O trecho do Plano Nacional pela Primeira Infância destacado abaixo nos chama a atenção
sobre a importância do ambiente e sua deterioração pela ocupação desordenada nas cidades: O
ambiente não é apenas um dado: ele é um complexo de significados que entram na formação da
pessoa que nele vive e com ele interage. O espaço não é neutro: fala pela forma como está
disposto e organizado, pelas suas cores e cheiros, pelos seus barulhos, ruídos e silêncios. Ele
define as relações entre as pessoas, desafia ou inibe iniciativas, suscita ou restringe movimentos.

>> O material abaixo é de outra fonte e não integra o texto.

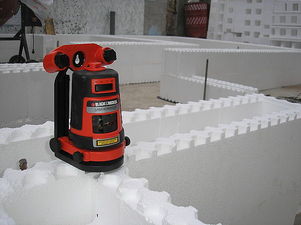 Термоблок компании GREEN CLUB — гринклуб Термоблок компании GREEN CLUB — гринклуб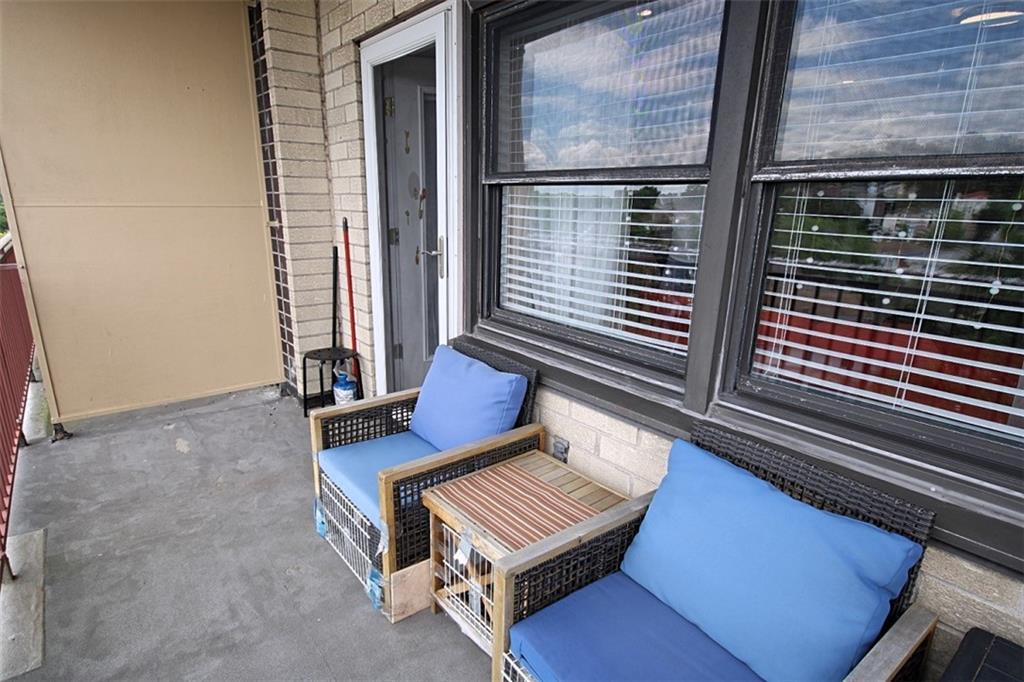 1000 Clove Road 7G, Staten  Island, New York, 10301 image 12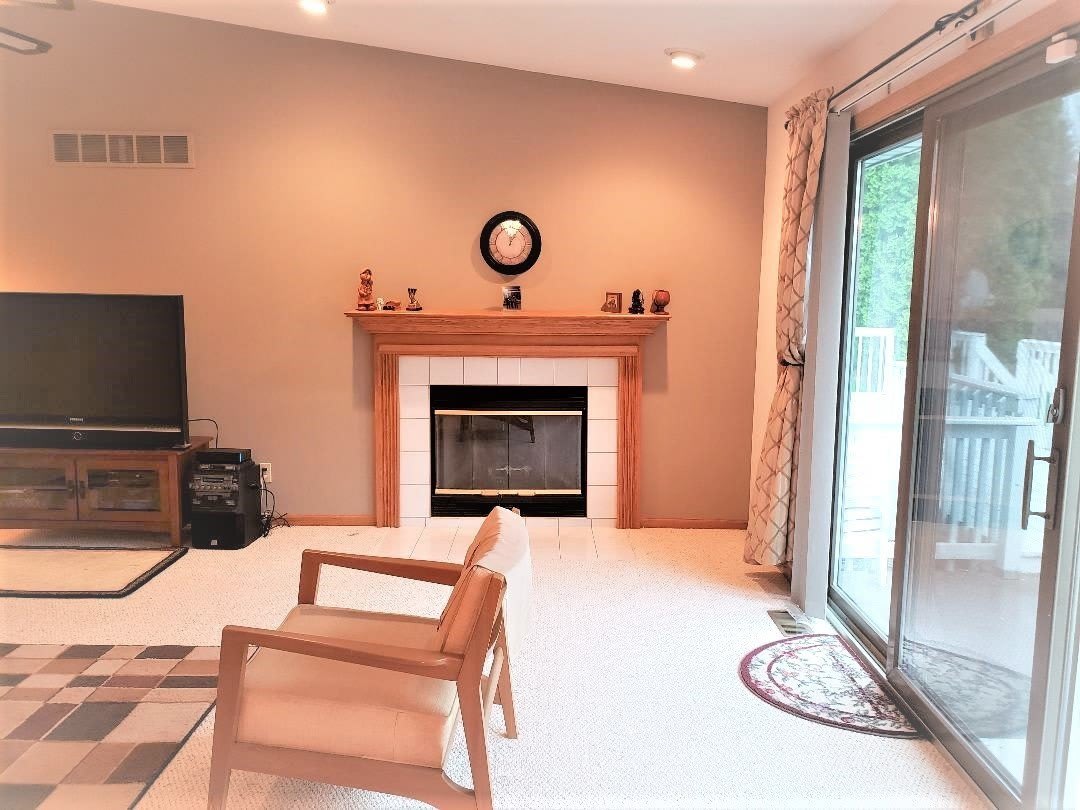 416 Red Wing Lane – photo 4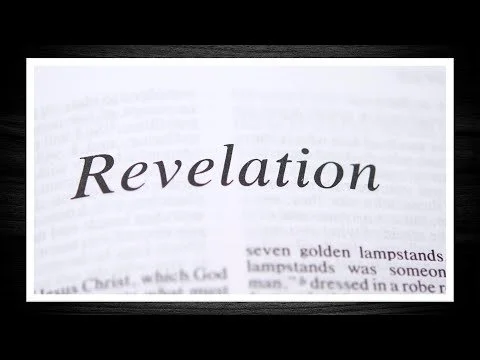 Sunday Service 7 27 25 Message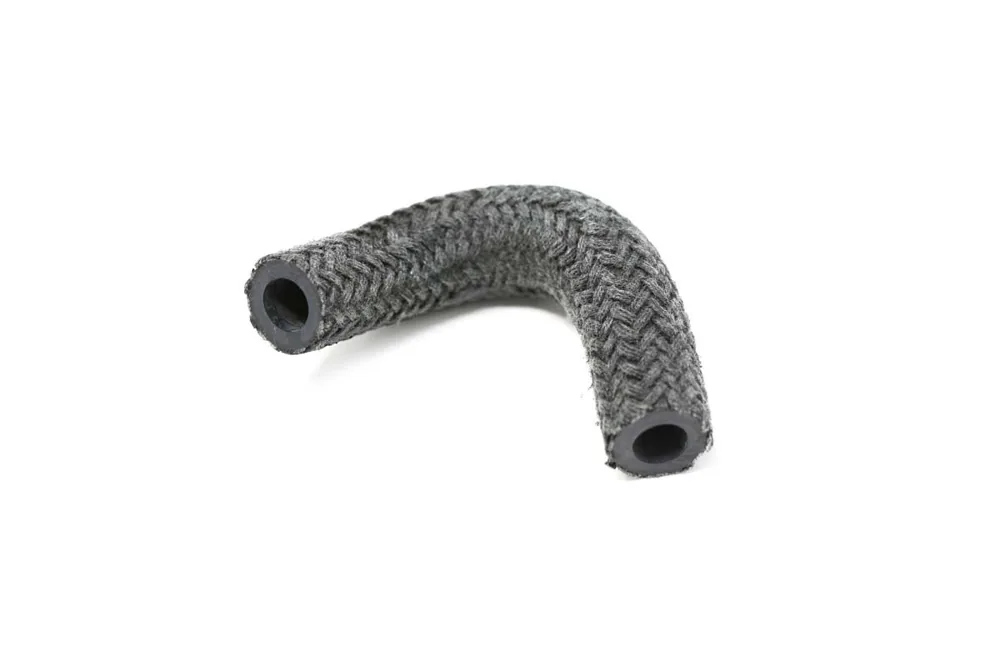 6599133 — Pipe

O ambiente é o “terceiro professor” da criança, no dizer do fundador da pedagogia de educação
infantil (abordagem) de Reggio Emilia, Loris Malaguzzi, para quem, o primeiro são os pais; o
segundo, os professores nas escolas.
Qualidade do ambiente e qualidade de vida são profundamente relacionadas. Assim a
desorganização do espaço repercute negativamente na vida das crianças, influencia na sua visão
do mundo e na organização de suas mentes.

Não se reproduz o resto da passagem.